Charges by the Chinese were dismissed despite the fact that
"there was considerable overlap between the kinds of diseases that the United States
was preparing for its biological warfare program and those which the Chinese claim
followed attacks by US aircraft in the spring of 1952."
"With respect to methods of delivering infected
insects, feathers, bacteria, viruses, fungi and other materials, according to the Chinese
and North Koreans' observations, the most important were spraying, non-exploding objects
and paper packets, air-bursting leaflet bombs, cardboard cylinders with silk
parachutes..."
"The US archives show that spray methods and the
leaflet bomb were part of the overt biological warfare program during 1952-53,"
conclude the authors.
"Another aspect of the CIA Office of Policy
Coordination activity came under the heading of psychological warfare," write the
authors. "The National Security Council gave the CIA responsibility for covert
psychological warfare in 1947 and 1948, and the agency somewhat ironically spent much of
its time and money in propaganda activities to refute enemy claims and in covering up
traces of US covert activities so as to avoid scrutiny by the American people and allies
abroad. The CIA had to make good the government's demand for plausible deniability of
questionable or illegal acts, such as using biological warfare."
"To accomplish its propaganda objectives, the CIA
infiltrated news agencies, established radio networks, gave money to journalists, financed
student organizations, subsidized academic journals and influenced publishers. All this
was done through a web of fictitious corporate structures, sham cultural foundations and
financial arrangements that cost up to $200 million annually by 1953," write Endicott
and Hagerman.
What makes this history so deliciously ironic is that CIA
disinformation through the media seems to be alive and well.
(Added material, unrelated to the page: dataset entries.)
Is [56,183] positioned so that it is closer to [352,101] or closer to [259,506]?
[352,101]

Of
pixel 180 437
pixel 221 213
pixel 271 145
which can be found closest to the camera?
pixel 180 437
Two months prior to the
publication of the book, US News and World Report (November 16, 1998) published an article
by Bruce B. Auster called "Unmasking an old lie: The Korean War charge is exposed as
a hoax."
Without even the pretense of "objectivity,"
Auster parrots the CIA legend that germ warfare during the Korean War was a hoax,
pointedly ignoring the book by Endicott and Hagerman.
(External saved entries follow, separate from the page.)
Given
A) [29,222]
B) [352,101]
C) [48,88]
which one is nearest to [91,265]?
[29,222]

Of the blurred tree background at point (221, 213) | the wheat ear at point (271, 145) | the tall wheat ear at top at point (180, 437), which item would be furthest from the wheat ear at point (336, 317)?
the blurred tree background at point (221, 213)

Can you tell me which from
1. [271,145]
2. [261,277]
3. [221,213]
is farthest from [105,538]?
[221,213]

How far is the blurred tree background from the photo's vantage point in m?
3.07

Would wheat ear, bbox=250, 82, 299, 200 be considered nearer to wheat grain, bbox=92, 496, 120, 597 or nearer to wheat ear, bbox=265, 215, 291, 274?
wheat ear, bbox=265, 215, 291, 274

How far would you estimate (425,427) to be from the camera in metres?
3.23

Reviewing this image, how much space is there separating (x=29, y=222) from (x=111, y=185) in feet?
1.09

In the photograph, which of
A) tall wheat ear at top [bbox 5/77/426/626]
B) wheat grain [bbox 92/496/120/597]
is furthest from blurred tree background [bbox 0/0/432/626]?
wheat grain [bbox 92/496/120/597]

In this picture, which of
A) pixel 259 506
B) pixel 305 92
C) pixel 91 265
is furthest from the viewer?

In a brief telephone interview with Auster, he denied being
paid by the CIA to continue its disinformation. He also denied having seen or read the
book. When asked if he received payment for his "services" by the CIA in an
offshore account, he said he "resented" any such inference. His disingenuous
response belies the curious synchronicity of the book's release and his own article which
ignores evidence of US germ warfare.
In an interview with Hagerman, the book's author said that
"just before he [Auster] wrote that story, he called me one late friday afternoon,
with a message that he had to go to press immediately."
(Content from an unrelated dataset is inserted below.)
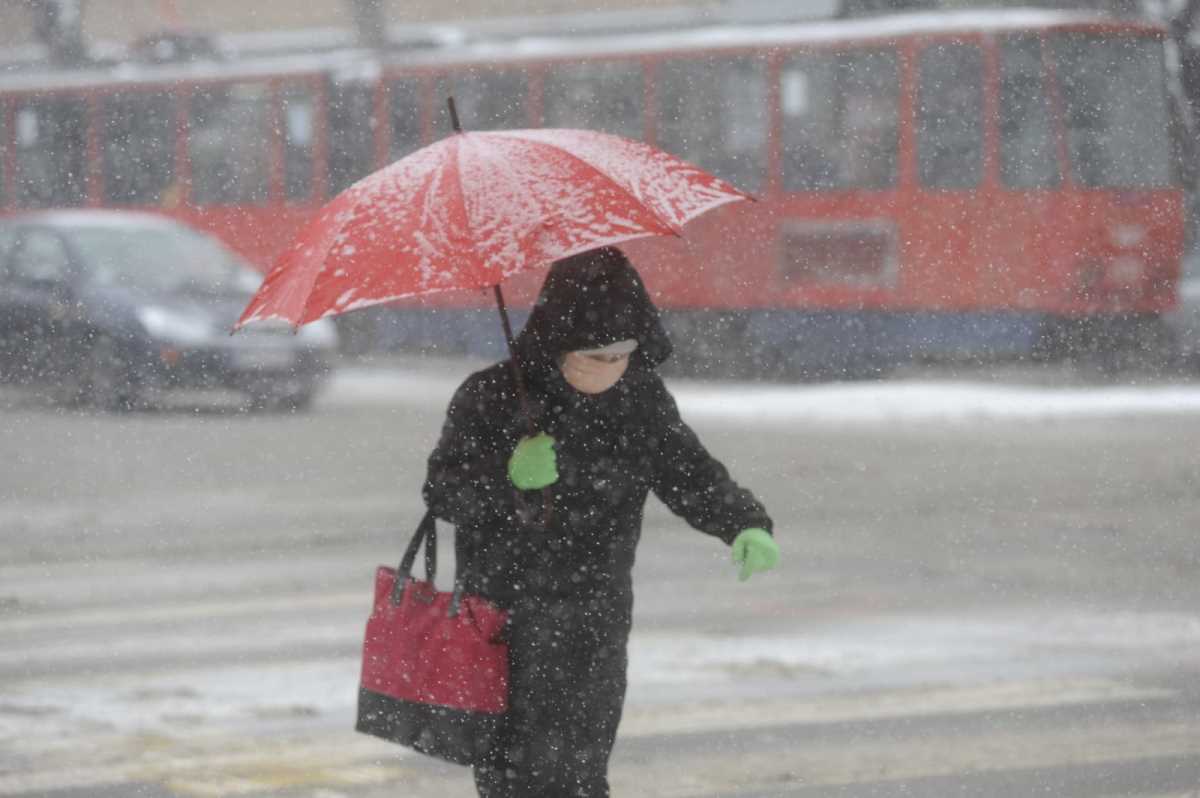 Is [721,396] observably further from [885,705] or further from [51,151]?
[885,705]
Hagerman said, "if I could contact him in two hours,
he'd like my opinion on the Soviet documents which purport that the biowarfare story was
disinformation concocted by the Soviets. So I called him back the next monday, after the
story had gone, and I suggested that he read our book, perhaps balancing the story
somewhere down the line. He said "he'd think about it.'"
The presumption is that Auster is still thinking. Ignoring
the real news is a standard modus operandi by Big Media, and media hack Auster seems to be
no exception.
"I offered to have a book sent to him," says
Hagerman. "He said that if he was interested, he would let me or the publisher know,
but he has not in fact asked for a book."
"The United States and Biological Warfare" is a
premier analysis of America's secret history. Deconstructing reality, buried by
disinformation, is an awesome task. This carefully documented, well-referenced, and highly
readable work will remain an important contribution to its understanding.